Return the data exactly, but only from the line containing "Popeye Charterboot - 5" through its last line.

• [LISTED RECORDS]

· · · · ·

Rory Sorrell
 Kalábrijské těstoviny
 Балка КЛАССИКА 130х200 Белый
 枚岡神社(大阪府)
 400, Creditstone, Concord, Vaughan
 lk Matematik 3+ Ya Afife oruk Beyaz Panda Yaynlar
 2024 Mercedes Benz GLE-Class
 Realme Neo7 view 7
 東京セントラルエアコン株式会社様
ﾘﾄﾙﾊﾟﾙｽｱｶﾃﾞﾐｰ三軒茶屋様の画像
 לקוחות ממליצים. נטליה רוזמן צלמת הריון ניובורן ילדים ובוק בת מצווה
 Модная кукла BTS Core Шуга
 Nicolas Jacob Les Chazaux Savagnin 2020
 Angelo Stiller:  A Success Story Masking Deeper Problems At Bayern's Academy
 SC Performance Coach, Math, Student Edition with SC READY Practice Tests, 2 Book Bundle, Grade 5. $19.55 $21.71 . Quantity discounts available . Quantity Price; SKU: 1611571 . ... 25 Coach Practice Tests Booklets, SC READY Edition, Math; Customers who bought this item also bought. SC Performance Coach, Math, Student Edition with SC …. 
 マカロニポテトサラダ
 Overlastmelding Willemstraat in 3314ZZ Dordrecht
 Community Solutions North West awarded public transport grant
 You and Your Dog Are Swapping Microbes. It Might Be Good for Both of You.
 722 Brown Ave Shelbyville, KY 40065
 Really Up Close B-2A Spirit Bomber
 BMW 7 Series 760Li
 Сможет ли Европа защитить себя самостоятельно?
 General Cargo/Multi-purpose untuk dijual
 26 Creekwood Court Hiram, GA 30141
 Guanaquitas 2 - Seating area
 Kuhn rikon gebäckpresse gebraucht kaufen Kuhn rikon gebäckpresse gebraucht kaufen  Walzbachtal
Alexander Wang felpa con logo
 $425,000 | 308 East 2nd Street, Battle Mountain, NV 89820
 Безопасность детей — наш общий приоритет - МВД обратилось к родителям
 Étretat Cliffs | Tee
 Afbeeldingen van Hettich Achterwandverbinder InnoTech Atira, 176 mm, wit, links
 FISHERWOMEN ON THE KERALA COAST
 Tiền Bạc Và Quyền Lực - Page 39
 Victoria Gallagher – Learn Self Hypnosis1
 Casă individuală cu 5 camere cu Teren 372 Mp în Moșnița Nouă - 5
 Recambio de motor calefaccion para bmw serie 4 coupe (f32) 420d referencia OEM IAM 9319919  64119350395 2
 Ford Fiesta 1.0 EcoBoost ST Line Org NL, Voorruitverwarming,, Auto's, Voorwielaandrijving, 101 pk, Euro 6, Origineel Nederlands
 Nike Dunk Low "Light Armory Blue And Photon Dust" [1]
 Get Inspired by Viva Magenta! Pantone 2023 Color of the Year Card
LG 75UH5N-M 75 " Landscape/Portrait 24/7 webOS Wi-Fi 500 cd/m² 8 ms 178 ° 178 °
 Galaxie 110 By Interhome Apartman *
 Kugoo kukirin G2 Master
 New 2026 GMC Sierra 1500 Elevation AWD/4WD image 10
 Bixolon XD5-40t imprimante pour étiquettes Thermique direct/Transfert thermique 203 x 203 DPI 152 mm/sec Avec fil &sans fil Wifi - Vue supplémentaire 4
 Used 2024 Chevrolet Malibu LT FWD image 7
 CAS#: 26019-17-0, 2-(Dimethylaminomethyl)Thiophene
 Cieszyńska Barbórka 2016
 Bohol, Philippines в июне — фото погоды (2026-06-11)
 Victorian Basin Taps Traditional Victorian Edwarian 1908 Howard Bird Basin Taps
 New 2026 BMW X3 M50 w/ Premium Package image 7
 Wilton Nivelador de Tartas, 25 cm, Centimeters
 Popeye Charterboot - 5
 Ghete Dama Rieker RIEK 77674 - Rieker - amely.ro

· · · · ·

• [WRITTEN ANSWER]
 Popeye Charterboot - 5
 Ghete Dama Rieker RIEK 77674 - Rieker - amely.ro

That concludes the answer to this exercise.